- Screenshot via Bloomberg.com
- Appaloosa Management’s David Tepper has teamed up with hedge fund Senator to press Allergan into making further changes at the Botox-maker.
- Those changes include splitting up the office of the chairman and CEO.
- Business Insider had previously reported that investors had raised concernsabout Allergan’s direction after seeing the drugmaker’s shares plummet.
Billionaire investor David Tepper’s hedge fund Appaloosa Management and Senator Investment Group on Tuesday called on Allergan’s board to split the office of the chief executive officer and chairman.
In a letter, the hedge funds also urged the Botox-maker to hire a new CEO or chairman from outside the company and to replace at least two additional board members.
Allergan should not look to pursue an ambitious M&A strategy at this time, the hedge funds said, and should instead focus on running its core business.
“We renew our calls for the company to stop hiding behind an arbitrary debt reduction target as an excuse to preserve the means to pursue a transformative M&A transaction,” the letter said. “It is time for Allergan’s management to concentrate on running a world class pharmaceutical and aesthetics business and forego thoughts of, or the exhilaration from, an ambitious acquisition strategy.”
Allergan said last week it was planning to sell off two businesses it considers non-core to the company, including its women’s health and infectious disease businesses. This way, the company could focus on its core aesthetics business which includes products like Botox and double chin treatment Kybella as well as its eye care brands like Restasis for dry eye, as well as its urology and gastroenterology units.
While Allergan and its CEO were once investor darlings, things took a turn in September 2017 when the company touted a deal it had struck with the Saint Regis Mohawk Tribe to transfer patents of the eye drug Restasis.
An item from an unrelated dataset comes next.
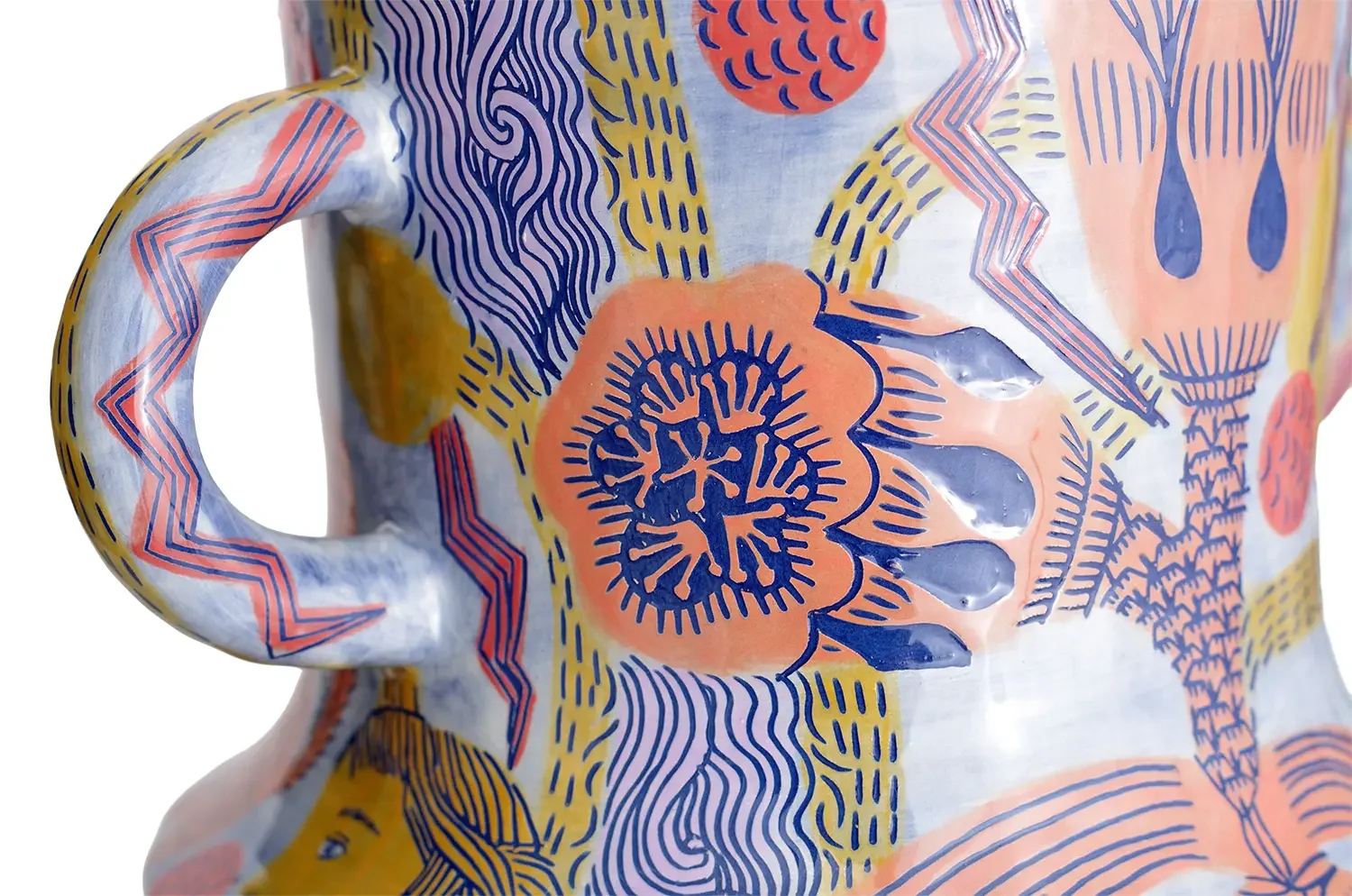Close-up of a decorated ceramic vase with colourful abstract patterns in blue, yellow, orange, and pink.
The move gives the drug sovereign immunity from certain patent challenges.
In October 2017, a district judge invalidated some of Restasis’ patents through another channel. The loss meant Allergan wouldn’t get much of the upside from the St. Regis deal, especially after the negative reaction it received from lawmakers and the public.
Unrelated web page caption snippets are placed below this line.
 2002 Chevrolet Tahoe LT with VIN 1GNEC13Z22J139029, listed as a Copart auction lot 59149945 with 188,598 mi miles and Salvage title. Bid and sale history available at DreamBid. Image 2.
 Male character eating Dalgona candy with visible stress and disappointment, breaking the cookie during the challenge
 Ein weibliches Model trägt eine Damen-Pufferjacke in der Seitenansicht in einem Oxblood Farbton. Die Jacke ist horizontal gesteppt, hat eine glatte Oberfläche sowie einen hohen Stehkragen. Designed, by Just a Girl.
Matters didn’t get better when Allergan announced in April it was in the “in the early stages of considering a possible offer”for the UK-listed Shire, only to say four hours later that it wouldn’t make an offer.
Business Insider had previously reported that investors had raised concernsabout Allergan’s direction after seeing the drugmaker’s shares plummet 33% in the past year. That’s compared to a 12% rise for the Nasdaq Biotech Index during the same period.